In het voorjaar van 1885 gingen de werken hiertoe van start.
Op 29 juni 1889 reeds werd het gebouw voor de eredienst opengesteld. En op maandag 12 augustus 1889 werd de kerk door de dienstdoende pastoor Karel Callebert aan Sint-Rochus toegewijd en definitief voor de cultus opengesteld.
Op 1 juni 1896 pas werd de Sint-Rochuskerk door Mgr. Waffelaert gewijd.
Later werd dan nog de toren toegevoegd aan de kerk (september 1903).
Op 17 juni 1907 startte de plaatsing van het eigen nieuwe orgel (link).
De nieuwe kerk in het centrum van Blankenberge stelde men onder de aanroeping van Sint-Rochus en aanvankelijk ook nog onder Sint-Antonius-Abt. Blijkbaar was de keuze van Sint-Rochus als patroonheilige gebeurt zonder overleg met de bisschop; vandaar ook een berispende opmerking en vraag van uit het bisdom:
‘Met welk gezag en met welk recht werd de naam Sint-Rochus aan de nieuwe kerk gegeven?’

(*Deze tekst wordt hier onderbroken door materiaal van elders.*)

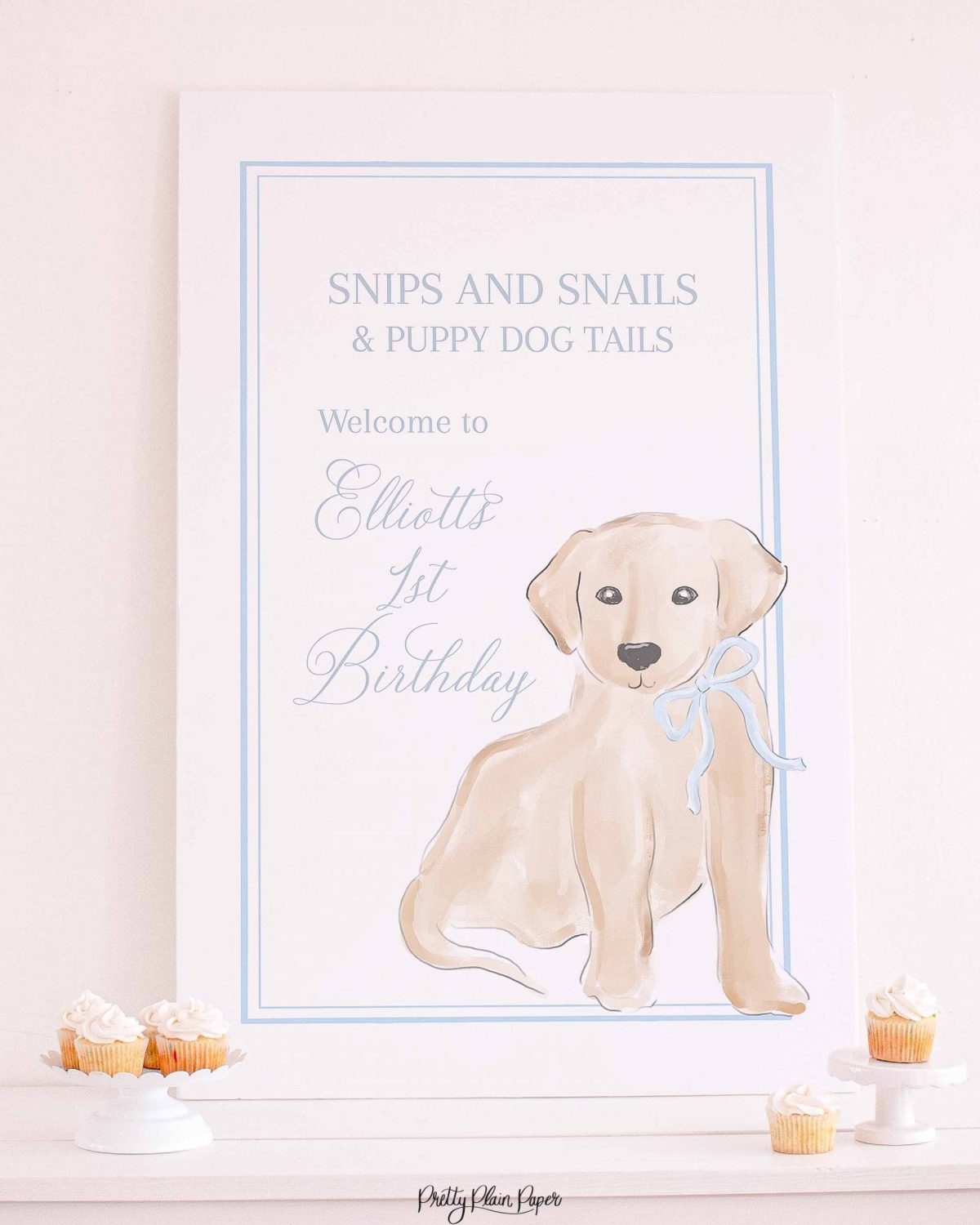 Snips and Snails Welcome Sign for a Snips and Snails and Puppy Dog Tails Puppy Dog Birthday by Pretty Plain Paper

Van waar deze keuze voor Sint-Rochus dan?
Vooreerst bestond er sedert enkele decennia in Blankenberge een speciale verering tot deze heilige. Op 19 april 1867 werd in de parochiekerk (Sint-Antonius-Abt) het godvruchtig genootschap van Sint-Rochus opgericht en vanaf 1868 kon op het feest van deze heilige -16 augustus- een volle aflaat verkregen worden!
Vervolgens deed zich in Blankenberge het volgende voor:
De pokziekte teisterde in het begin van 1886 de oude vissersstad en maakte heel wat slachtoffers. De doden, in lakens gewikkeld, dompelde men in bier waarna onmiddellijk de ter aardebestelling volgde. Onder de slachtoffers ook koster Louis Fol (°Ichtegem 1827) die op 1 februari 1886 bezweek.
De katholieke inwoners hadden zich tijdens deze gesel tot de Heilige Rochus gewend, de pestheilige bij uitnemendheid, waarna blijkbaar vlug beterschap optrad zodat de dankbare Blankenbergse bevolking de nieuwe kerk aan hem toewijdde.